If you think your startup idea is too early-stage for the Breakthru competition, Calvin Milbury would respectfully like to set you straight.

Breakthru, the New Brunswick Innovation Foundation’s biennial business plan competition, is essentially designed to guide novice entrepreneurs from the back-of-an-envelope stage to the early phases of incorporation.

“We’re actually looking for someone with an innovative idea who sees a commercial market,” said Milbury, the President and CEO of NBIF, in an interview during a break in the National Angel Capital Organization Summit in Halifax last week.  “If you’re not yet incorporated, you’re actually at an advantage in our eyes.”

The NBIF and the law firm Cox & Palmer last week launched the fourth Breakthru competition, which assesses viable business ideas and teams’ ability to plot out their development and then execute on the plans. Milbury explained that the organizers call it a “business plan” competition because it’s a concept people understand.  It would be more accurate to say the competition is designed to lead several potential entrepreneurs from concept to incorporation, and present prizes totaling about $250,000 to the best participants.

The winner will receive a $100,000 cash investment from NBIF, along with professional services from such firms as Cox & Palmer. The two runners-up will each receive $50,000 plus legal, marketing, and accounting services.  The aim is to give these teams everything they need to incorporate and begin life as a growing company.

“The prize package is a company in a box,” said Milbury.

Now that the entry process has been launched, NBIF is getting the word out that nascent companies have until Dec. 20 to enter the competition. The entries comprise a completed entry form, an executive summary of up to two pages and a $75 entry fee.

And there’s one final component: everyone has to submit a 60-second  video in which they describe the business. Milbury said the video is an excellent tool for assessing the business case because the organizers can get a feel for the entrepreneurs and their plans that they couldn’t get simply from a written submission.

NBIF then tries to get as many of the entrants as possible to a boot camp on January 19 (which is a Saturday, so even people with regular jobs can attend). At this session, the participants are introduced to financial models and certain tools needed to launch a business.

The cadet entrepreneurs take these tools away and then have three weeks to finalize and submit their business plans.The organizers pick five to six finalists, all of whom present their companies at the Breakthru Awards Dinner in Fredericton on March 20, 2013, at which the winners are announced.  

Before the dinner, CBC and Radio Canada hold their own contest with the finalists. They broadcast profiles on the companies, and viewers are asked to choose a Viewers’ Choice award. Because of this, Breakthru is better known in New Brunswick even than NBIF itself, which Milbury sees as a good thing. Milbury said all the entrants are invited to the dinner and are encouraged to proceed with entrepreneurship, whether they’re finalists or not. So far the success of launching companies is evident from some of the graduates of the program.
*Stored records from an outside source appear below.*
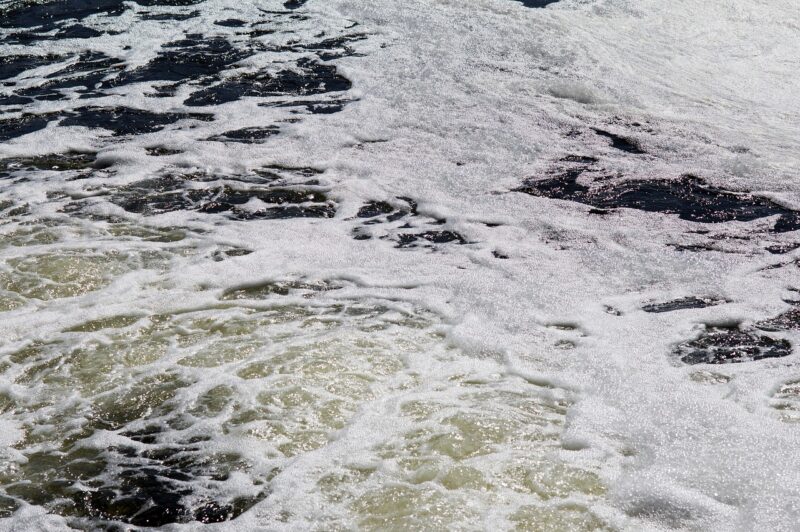 Lactalis : l’ogre du lait continue de polluer en toute impunité  - Disclose France Nature Environnement Lactalis Pollution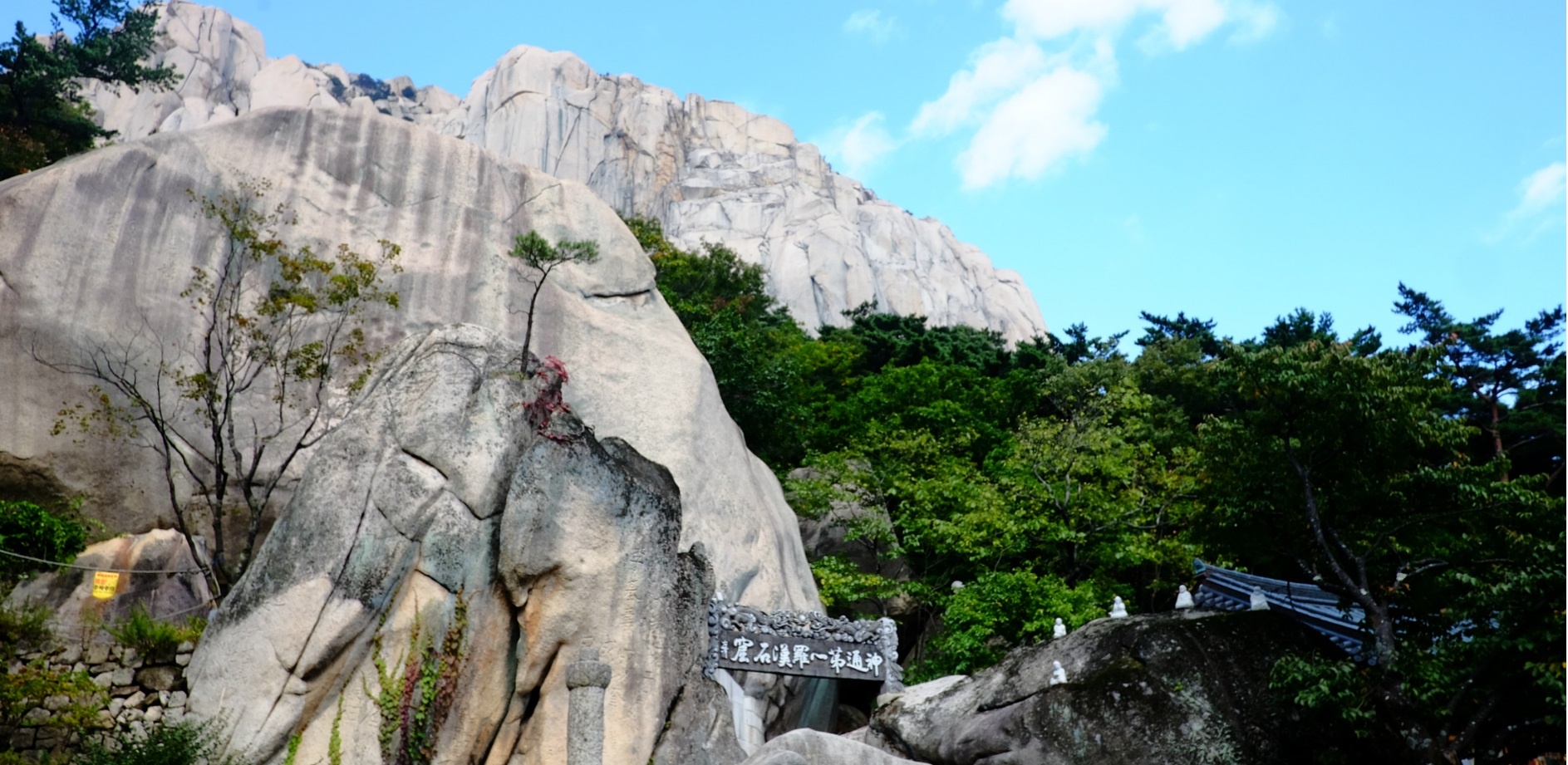 Han Quoc mua thu con co gi thu vi anh 4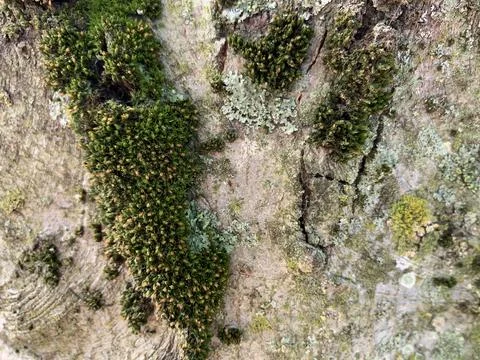 Mossy Lichen Tree bark texture color reference Stock Photos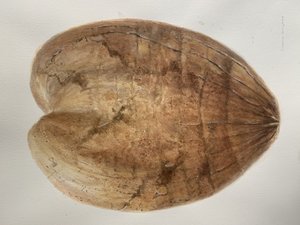 Cocco 1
Scene Sharp Technologies Inc., a Fredericton software company that improves the quality of colour digital photography, won both the Breakthru competition and the Viewers’ Choice award in 2011. It recently closed a $300,000 round of angel financing, which it hopes will help to commercialize a new product for security cameras.

CyberPsyc Software, which develops virtual reality software to treat phobias and anxieties, has raised $250,000 in start-up capital from NBIF and angel investors, even though it did not win an award when it entered.

In fact, some of the leading young companies in New Brunswick moved through  concept phase of their development with the help of the Breakthru competition.